The general form is dE/dt = Q̇ − Ẇ, where total energy E = U + KE + PE. For most engineering control mass problems, the system itself isn't moving as a whole, so kinetic and potential energy of the system are negligible. The equation simplifies to dU = δQ − δW. The key skill is correctly identifying Q (heat crossing the system boundary, positive when entering) and W (work done by the system, positive when exiting). Sign conventions matter enormously here; always define them before writing the balance.

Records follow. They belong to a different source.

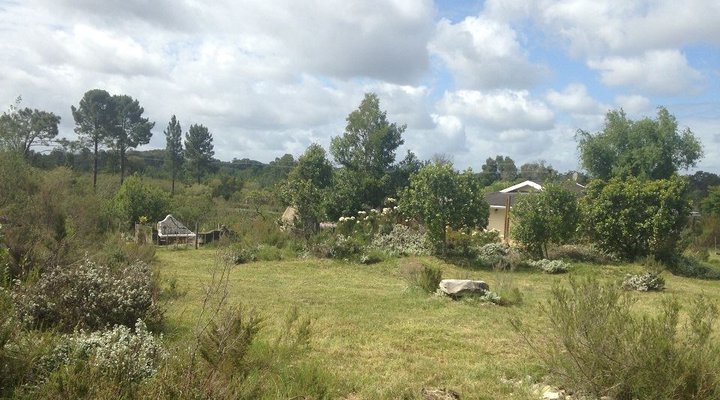 Tree Spirit Cottages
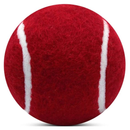 Heavy Tennis Ball - Whiz Ball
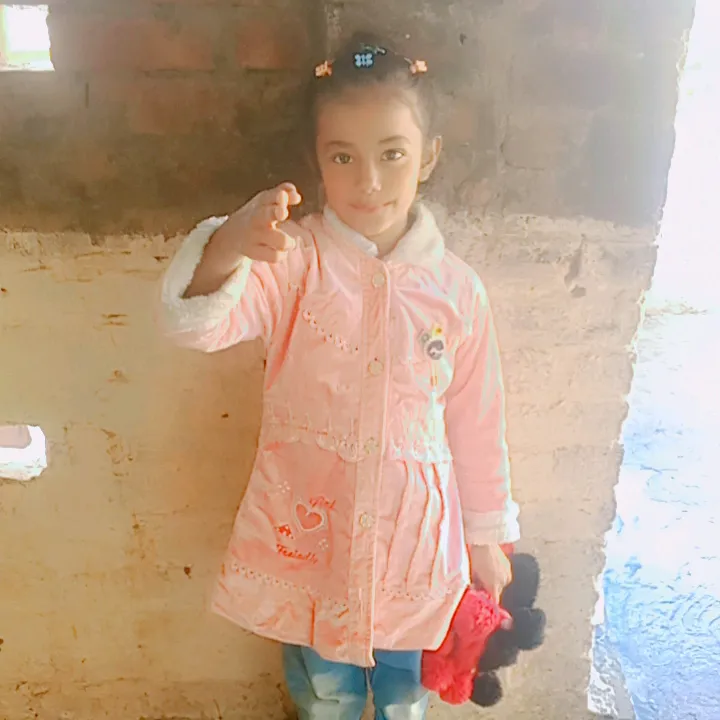 @zahidjutt3077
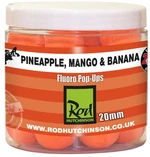 RH Fluoro Pop-Ups Pineapple, Mango & Banana  20mm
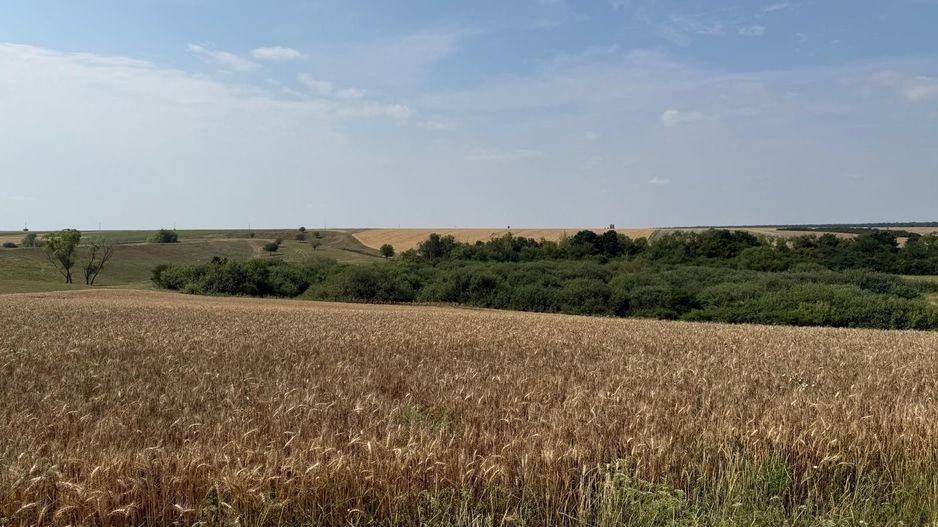Teren intravilan Miersig, vedere la lac. 12,5 E/mp neg. Comision 0 - Poză 11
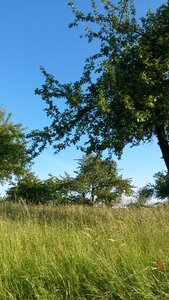 Blue landscape nature photo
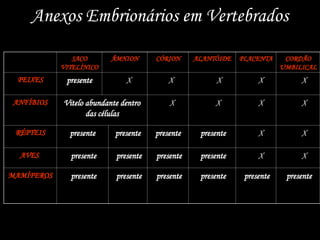 Anexos Embrionários em Vertebrados
SACO
VITELÍNICO
ÂMNION CÓRION ALANTÓIDE PLACENTA CORDÃO
UMBILICAL
PEIXES presente X X X X X
ANFÍBIOS Vitelo abundante dentro
das células
X X X X
RÉPTEIS presente presente presente presente X X
AVES presente presente presente presente X X
MAMÍFEROS presente presente presente presente presente presente
 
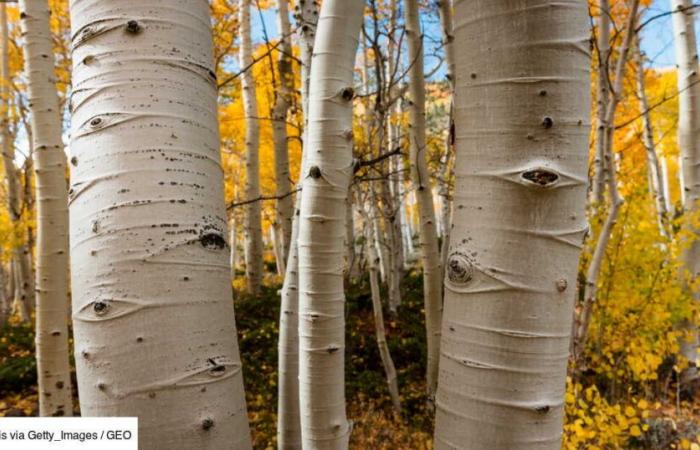 L’arbre le plus haut du monde est également l’un des organismes vivants les plus anciens de la planète.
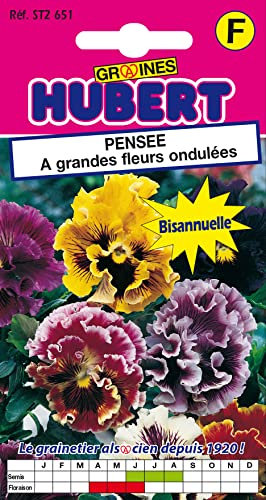 Graines de Pensée a grandes fleurs ondulées - 0,3 grammes
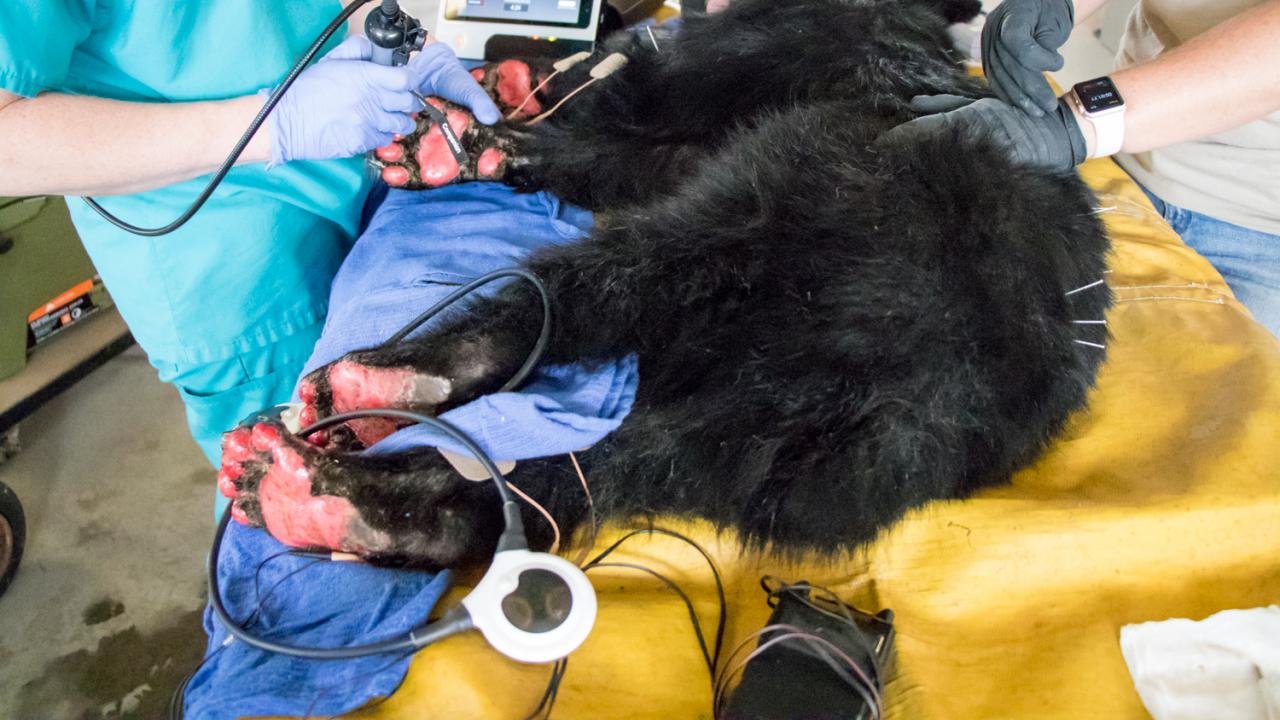 A young, female bear with paws badly burned in the Carr Fire.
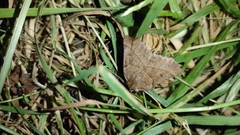 Dectochilus antucaria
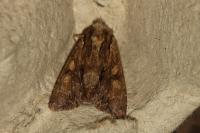 Apamea monoglypha monoglypha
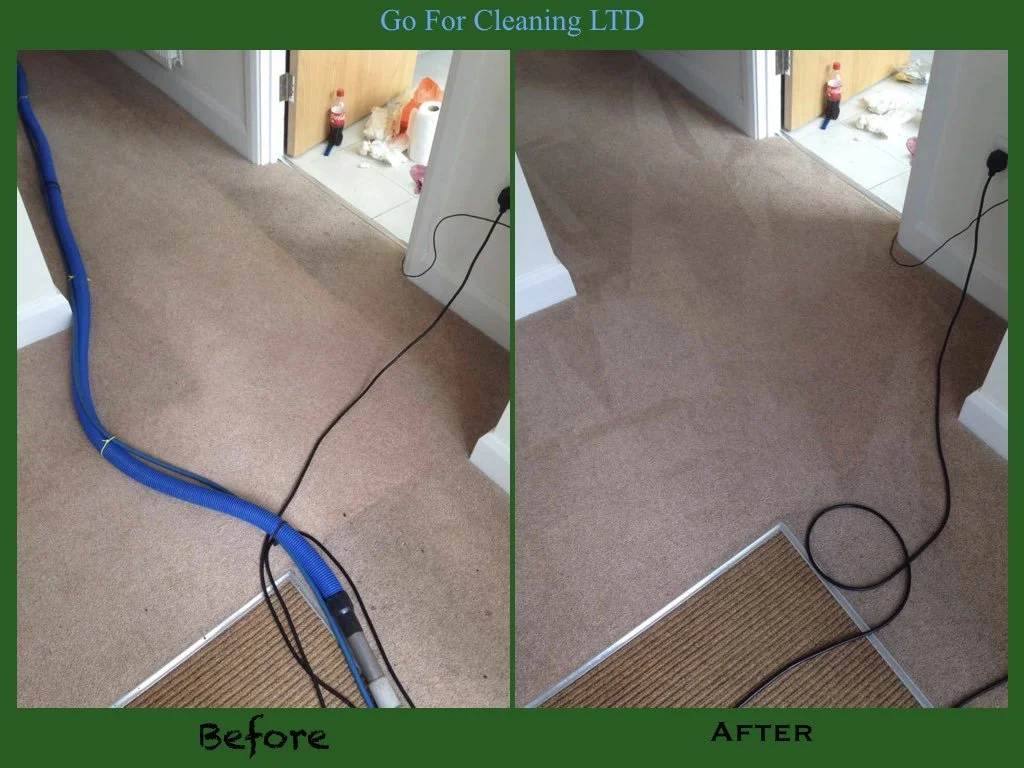 Professional Steam Carpet Cleaning London | Go For Cleaning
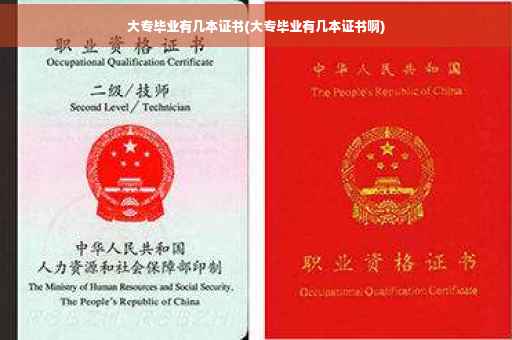 大专毕业有几本证书(大专毕业有几本证书啊)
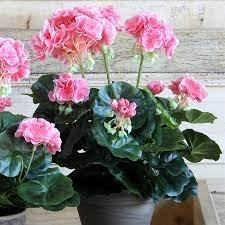20 Seeds Bonsai Garden Pelargonium Light Pink Ball Flower Plantas Item image 2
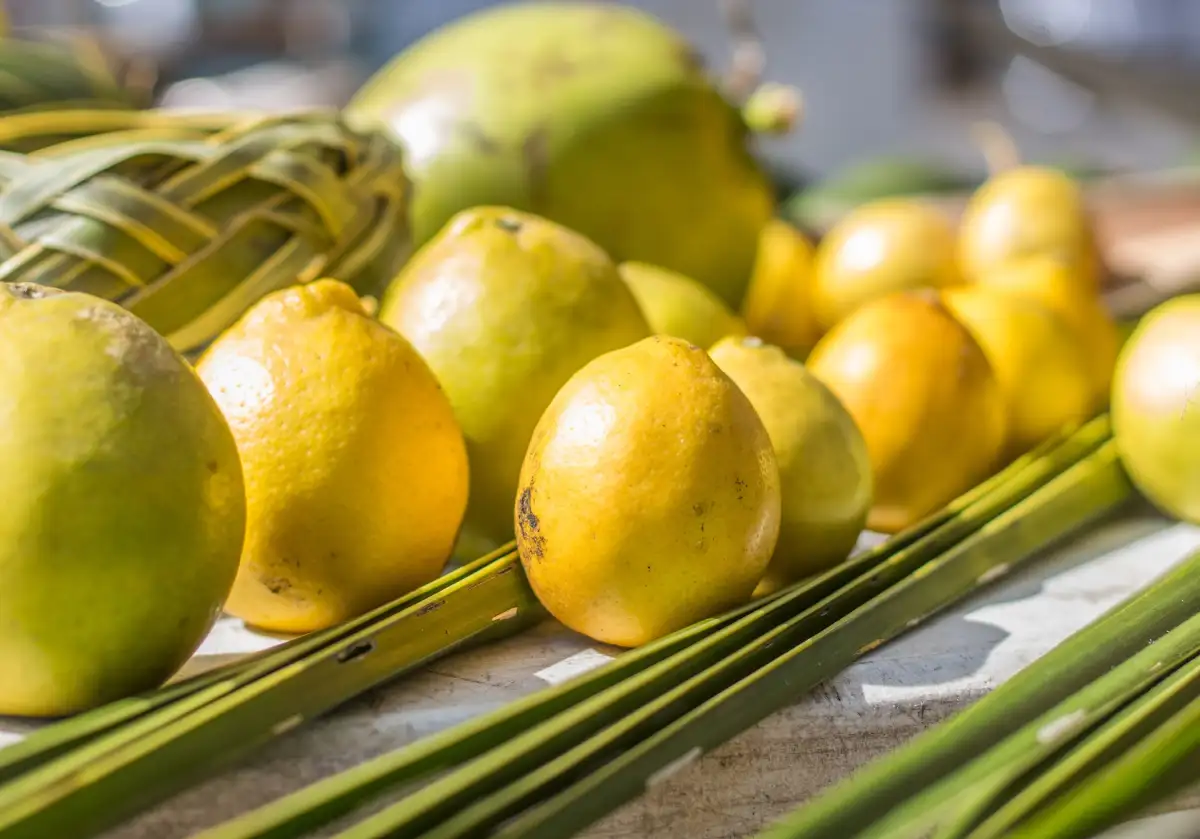 Savoring Sustainability - Farm to Table on The Big Island of Hawaii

Boundary work is the work done by a piston face as it moves: W_boundary = ∫P dV. For a constant-pressure (isobaric) process, this simplifies to P ΔV. For a constant-volume (isochoric) process — a rigid tank, a bomb calorimeter — the piston doesn't move, so boundary work is zero and the first law becomes ΔU = Q. All heat input goes directly into raising internal energy. For an adiabatic process, no heat crosses the boundary (Q = 0), so any work done must draw down internal energy: ΔU = −W.
Each process constraint eliminates a term or fixes a relationship between state variables, making the energy balance tractable. For constant-pressure processes in particular, the first law can be rewritten in terms of enthalpy H = U + PV: ΔH = Q_P. This substitution absorbs the boundary work P ΔV into the state property H, making enthalpy the natural energy bookkeeping quantity for constant-pressure processes. This is why engineers track enthalpy — not internal energy — for most practical devices, and why property tables list both U and H values. Recognizing which process constraint applies before writing the energy balance is the central problem-solving discipline of this topic.